A market meltdown like that inevitably left the company's investors wondering "What's next for Facebook?"

After all, it wasn't a set of ugly numbers that sent investors to the exit. The company still made gobs of money — more than $5 billion in profit, in fact. But the sell-off was sparked by fears that the endless growth may soon come to an end.

To Ramona Pringle, a CBC columnist and media professor at Ryerson University in Toronto, the company's main problem is the same one that has felled many of its technological ancestors — you're cool, until you're not. And to young people at least, the world's biggest social media company is decidedly not.

"Talk to anyone under 22," she says, "and they're not on Facebook."

To the younger generation, Facebook is reminiscent of that old joke about a high school party — it's all fun and games until somebody's mom shows up.

Whatever young users the service does have, Pringle says, they basically just use it to "check in with their mom and share photos with their mom."

And the generation that follows is even less likely to sign up in droves, she says.

For a company that sold investors on its prospects based on endless growth, that's a problem. Facebook use is still growing in Asia, Africa and the Middle East. But it's declining in Europe and basically flat in North America — by far the company's two most lucrative markets.

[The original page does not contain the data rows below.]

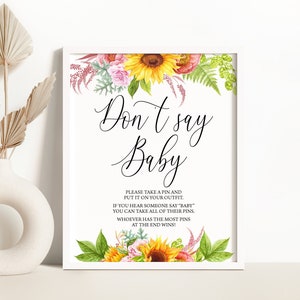 Sunflower Don&#39;t Say Baby Shower Sign Rustic Sunflower Baby Shower Decoration Watercolor Sunflower Don&#39;t Say Baby Game 0113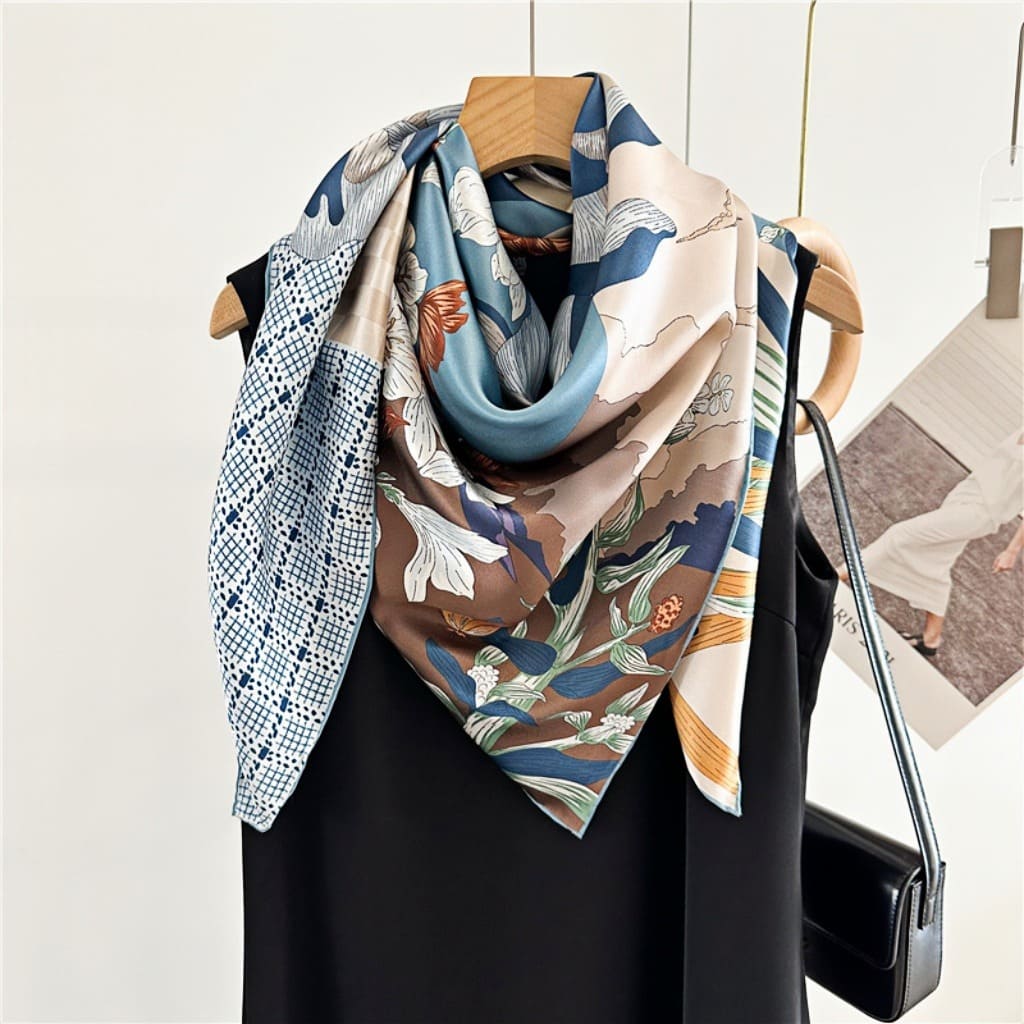 MaraSilk Pure Mulberry Silk Scarf - Square Crepe Satin MS451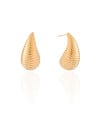 Brinco Gota Texturizada 2.8 cm Banhado a Ouro 18K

"At least when it comes to North America," Pringle says, "they kind of maxed out."

Scandal 'boomerang'  

Which is part of the reason why investor Ophir Gottlieb says this week's sell-off makes sense.

The president and CEO of Capital Market Laboratories says Facebook got punished in part because of lingering fears from the Cambridge Analytica scandal, which revealed Facebook allowed an outside consulting firm to collect personal data on millions of users and sell it off to try to influence elections in the U.K. and the U.S.

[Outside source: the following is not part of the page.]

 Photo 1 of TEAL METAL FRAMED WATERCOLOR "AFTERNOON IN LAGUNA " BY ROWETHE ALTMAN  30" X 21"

"This is really where Facebook's lack of transparency during the data scandal and the election scandal is now going to boomerang and hit them," Gottlieb says.

Despite the eye-popping profit figure of $5.1 billion, Gottlieb rattles off a series of metrics that show why the stock plunge was at least partly justified based on the numbers alone.

The company increased its headcount by almost 50 per cent as it went on a hiring spree to make good on its post-scandal promises to protect data privacy. But by its own admission, its revenue growth is slowing to about 25 per cent a year, which has pushed the company's profit margin to about half of what it used to be.

"Add up slower user growth, slowing revenue growth, and expenses growing faster than revenue for several years out," Gottlieb says, "and that's a recipe for about a 20 per cent stock drop."

'Elephant in the room'

Those might be fixable, short-term problems, but the company is still left with what he calls "the elephant in the room" —  people are just getting fed up with Facebook.

"We don't really know if the slowing user growth is because people are getting turned off," he says, "or if people are dropping accounts because they don't feel safe with their data."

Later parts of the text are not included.